A ball cap, a fedora, or do I need to go shopping?

I think those two are my current options for covering up what’ll likely be a bandage on the top of my head sometime in the near future (I’m assuming the hospital won’t use spackle to plug up the holes in my skull, then staple a wig onto my head, but I’ve been wrong before…).

I spoke to Dr. White (my epileptologist) yesterday about the surgical conference and he told me that it went well and there was basically universal agreement that the eventual result of brain surgery will be some sort of device inside my head, most likely an RNS (responsive neurostimulation) device.

But that’s not the next step. Because RNS is supposed to affect a very specific area in the brain—the area where the seizures start—they need to do a different test to find out exactly where that area is.

I’ve had several EEGs (electroencephalograms) done in the past, the most recent during an extended stay in the hospital for seizure monitoring back in September 2023. As soon as I arrived, they glued a whole bunch of electrodes to my scalp and began monitoring my brain wave patterns. They tapered off my medications fairly quickly to try to induce seizures, which effectively induced seizures fairly quickly as well.

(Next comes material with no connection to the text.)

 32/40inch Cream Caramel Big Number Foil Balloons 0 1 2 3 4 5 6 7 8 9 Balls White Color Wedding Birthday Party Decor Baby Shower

For context, the seizures I typically have these days affect my left temporal lobe, the language center of the brain. Thus, when I have a seizure, I might stop speaking mid-sentence because I don’t know what I was about to say—the words are just gone. If I’m trying to listen to something, whatever’s being said doesn’t make sense. If I’m trying to read, same problem. Language is basically out the window. After maybe 30 seconds, I’m okay again. I might need a little help remembering what I was saying, but if there are no words being spoken at that time, you might be standing next to me and never know anything happened.

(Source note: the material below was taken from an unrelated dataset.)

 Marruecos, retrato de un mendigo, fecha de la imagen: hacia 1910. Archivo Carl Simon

It was only a few days into my hospital stay when I got a call on the hospital phone. I answered and didn’t recognize the voice. I couldn’t really tell what the voice was saying, but I tried to respond to whatever it was saying (I’m told it was basically gibberish). It wasn’t long before I realized that the person I was speaking to on the phone was my older brother. When the call began with gibberish and ended with “Love you, bud”… you can imagine why my wife was spooked. And what showed up on the EEG?

Nothing.

The area where the seizures start is too far away from the surface of the brain, so the sensors on my scalp couldn’t detect the abnormal brain wave activity. Thus, when I head back to the hospital in a few months (I don’t know exactly when, it hasn’t been scheduled yet), we’ll be doing a slightly different test: an SEEG (stereo EEG or stereoelectroencephalography).

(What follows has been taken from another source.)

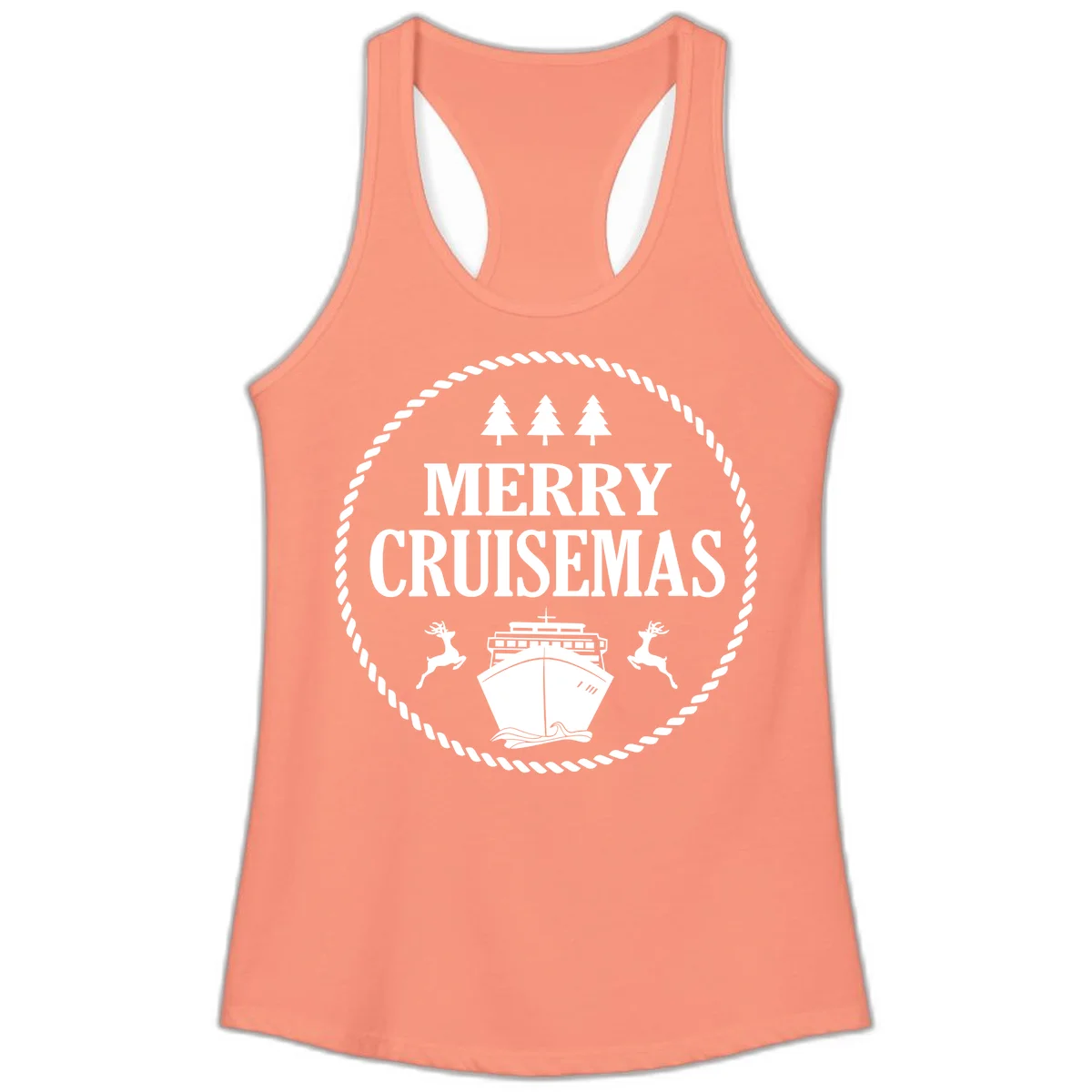 Merry Cruisemas Ladies Tank in Solid Light Orange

Instead of gluing the electrodes to my scalp, they’ll be inserted deeper inside the skull and thus be able to detect abnormal brain activity a lot more accurately. Not just detecting the activity, but where the activity originates. Since the RNS device sends a little electrical charge to the brain to stop that activity before it becomes significant and turns into a seizure, finding that origin point is kind of important.

And so after my stay in the hospital, I’m going to have at least a partially-shaved head (I think I’d prefer shaving all of it rather than having a weird bald spot right in the middle, but that’s just me) and some small holes where the electrodes were inserted. Call it vanity if you want, but I feel like I’ll want to cover that space up while the spackle dries underneath the bandage, thus begging the question: A ball cap, a fedora, or do I need to go shopping?